- Bitcoin breaks out of the bull flag pattern, targeting a potential rally to $144,000, backed by technical signals and historical parallels.
- Golden Cross on the daily chart fuels bullish momentum, echoing past patterns that led to 60%+ rallies post-short-term dips.
- Retail shorts face heavy losses, highlighting the risk of betting against a confirmed breakout in a high-leverage environment.
Bitcoin has once again captured market attention after surging beyond a key technical formation, igniting a fresh wave of bullish forecasts. A breakout from a textbook bull flag pattern has analysts pointing to a potential price target of $144,000, backed by a blend of technical signals, market imbalances, and historical parallels.
The recent price action has confirmed Bitcoin’s move above the upper resistance of a descending channel, where it had been consolidating between $98,000 and $102,000. The breakout follows the completion of a flagpole formation, which began with Bitcoin’s sharp rally toward $105,000. According to market analyst Merlijn The Trader, the height of this flagpole projected from the breakout zone outlines a measured move target near $144,000.

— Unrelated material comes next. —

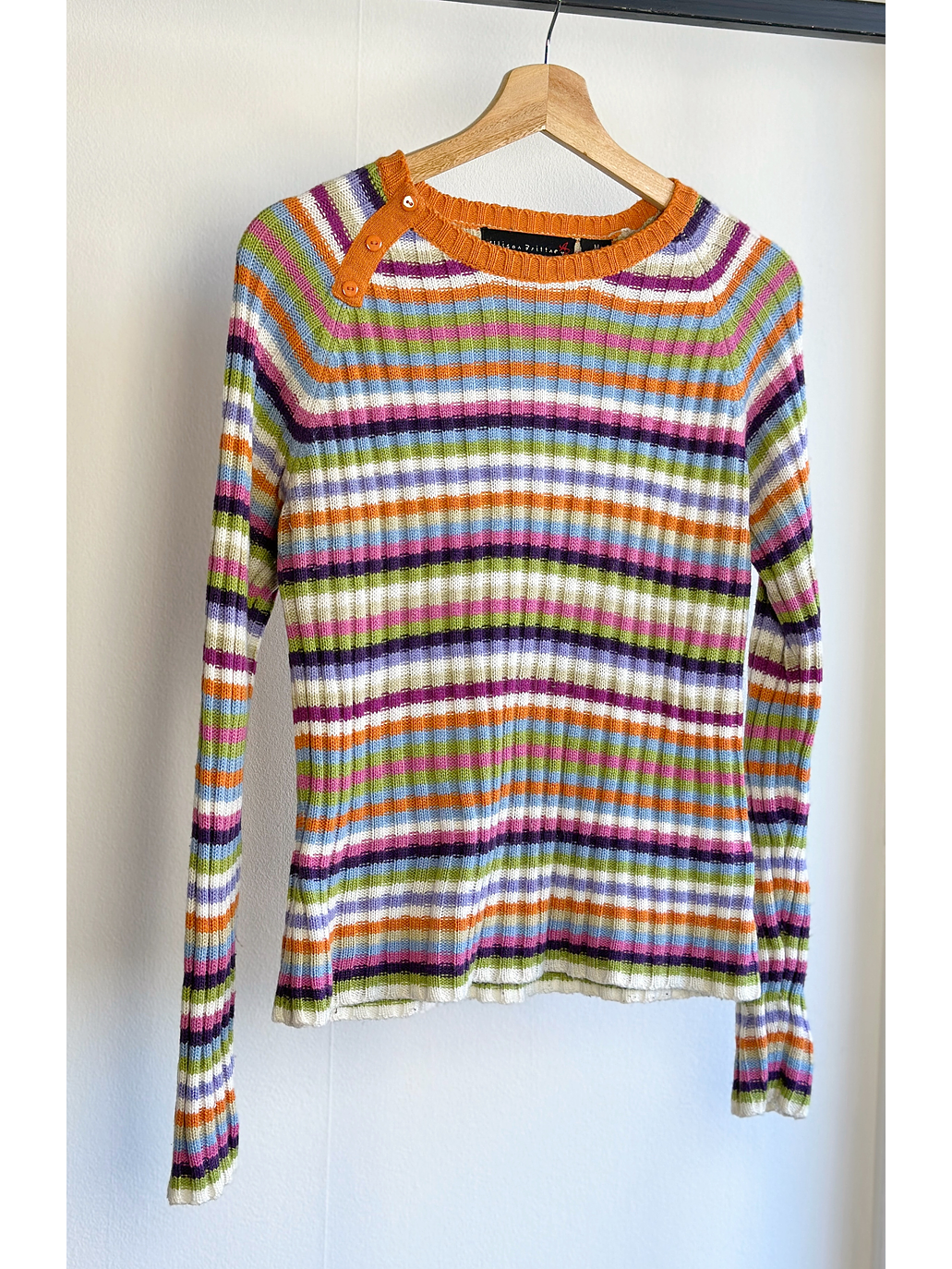 Chaleco rayado vintage 1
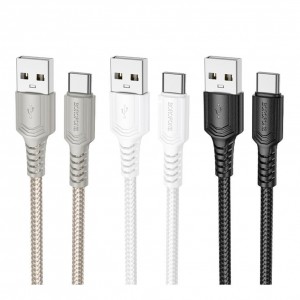Кабель USB Borofone BX116 Type-C 3A Кабель USB Borofone BX116 Type-C 3A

This level is not arbitrary. It aligns with key Fibonacci extension levels and represents a strong psychological milestone for bulls. As long as Bitcoin remains above the breakout threshold, the structure implies a continuation of the uptrend.
Bitcoin Golden Cross Sparks Bullish Momentum
Further adding to the bullish conviction is a recent Golden Cross on Bitcoin’s daily chart. This occurs when the 50-day moving average crosses above the 200-day, a historically significant indicator that signals a potential long-term upside.
Crypto strategist Greg Miller highlighted the pattern’s past performance, noting that a similar Golden Cross in Q4 2024 was followed by a short 10% dip, then a 60% rally in the weeks that followed. A similar pattern is now unfolding.

“In Q4 2024, $BTC dropped 10% and then rallied 60%,” Miller recalled. “We just saw another 10% dip after the Golden Cross in Q2 2025. If history repeats, a major rally could be next. I still believe BTC will break above $130K by Q3 2025.”
Miller emphasized that both volume and momentum indicators mirror previous setups that preceded sharp upward moves.
Beneath the surface, the derivatives market may be setting the stage for a rapid price escalation. Analyst Cas Abbé pointed to a growing long-to-short liquidation imbalance, where a 10% BTC price increase could trigger over $15.11 billion in short liquidations, compared to just $9.58 billion on the long side if prices fall by the same amount.

This asymmetry reveals an overcrowded short market, which could quickly unwind if prices continue climbing. Compounding this is a recently negative funding rate, often a contrarian bullish signal suggesting bears are overextended.
“If BTC climbs above $110,000, we could see cascading liquidations of shorts, amplifying volatility and propelling price toward $144,000,” Abbé said.
Retail Shorts Crushed as Bitcoin Breaks Out
Despite multiple bullish indicators, some traders remain unconvinced, betting against the trend with high leverage and paying the price. A case in point is trader James Wynn, who used a 40x leveraged short position funded entirely by referral bonuses on-chain.
According to Lookonchain data, Wynn received 481.42 USDT in rewards and opened a large short position against Bitcoin at the exact moment of the technical breakout. His entire position was liquidated within hours, resulting in a loss of $113.55.

Wynn’s trade underscores the danger of shorting into strength, especially during confirmed bullish breakouts supported by both technicals and market structure. Retail short sellers often enter positions at inopportune moments, leading to steep losses in highly volatile conditions.
While aggressive short positions remain prevalent, the broader market narrative appears to be shifting toward bullish momentum. If Bitcoin maintains its position above the breakout zone, and liquidation pressure continues to mount, a surge above $110,000 could serve as a springboard toward the $144,000 target.
As historical patterns, liquidation asymmetries, and key technical signals align, the market appears primed for an explosive move, potentially rewriting the narrative for the second half of 2025.